Ahora que si el casete no llevaba un tema sino que solo era un continuo de la voz de mi hermanito seguida de media canción grabada del radio, mi amiga y yo ensayando el “Stabat Mater” de Pergolesi y el soundtrack de El Exorcista, la cinta se llamaba “Chilaquil 1”. Hice muchas de esas y todas se llamaban “Confeti” o “Chilaquil 2”, “Chilaquil 3”, “4”, etc.
En cambio con el MP3 me empecé a engolosinar de manera desenfrenada. Una canción de The Tea Party, medio minuto del tema de El Viaje de Chihiro, 5 veces “Try walking in my shoes” de Depeche Mode, “Reverie” de Debussy, dos canciones de Chava Flores, una de Mecano, dos veces la pieza coral de Elizabeth donde se ve que la reina manda matar a todos sus enemigos…

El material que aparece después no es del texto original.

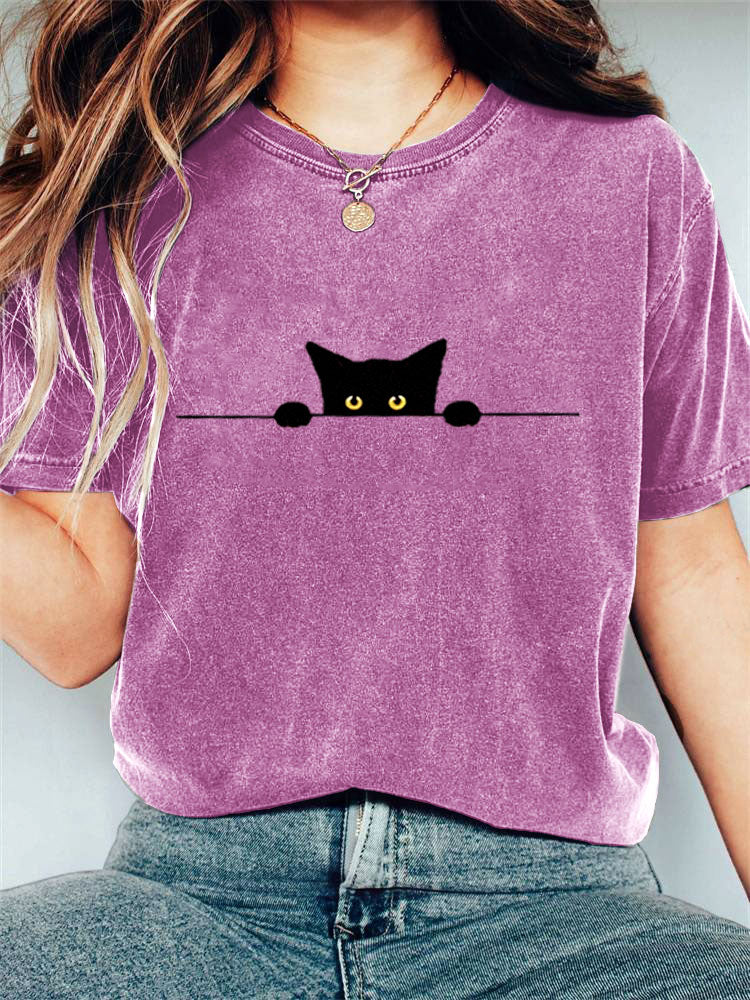 Beautifully Finished T-Shirt in a Timeless Design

Para cuando me quitaba los audífonos ya los primeros pájaros de la mañana comenzaban a cantar, mis sábanas estaban hechas bola y yo no había dormido nada. Me sentía invadida por exactamente la misma sensación que llegué a experimentar en algunas fiestas infantiles tras zamparme toditito el bolo en una sola sentada. Pulparindo seguido de chocolate combinado con chicle. Saliva pegajosa, envoltorios arrugados y gomitas a medio comer. Me resultó tan desmoralizante que abandoné el iPod durante varios meses, hasta que le fui perdiendo el miedo poco a poco y lo empecé a retomar con algo de prudencia.
Confieso aún no ser tan hábil en el uso de herramientas digitales como para alcanzar la libertad creadora que experimenté en mis años caseteros. Dicen que la curva de aprendizaje más pronunciada se experimenta en la niñez. Debo estar pasando por una segunda niñez porque constantemente me siento empujada a replantear, deshacer e incorporar aprendizajes nuevos. Quien sabe que es lo que vaya a resultar de todo esto.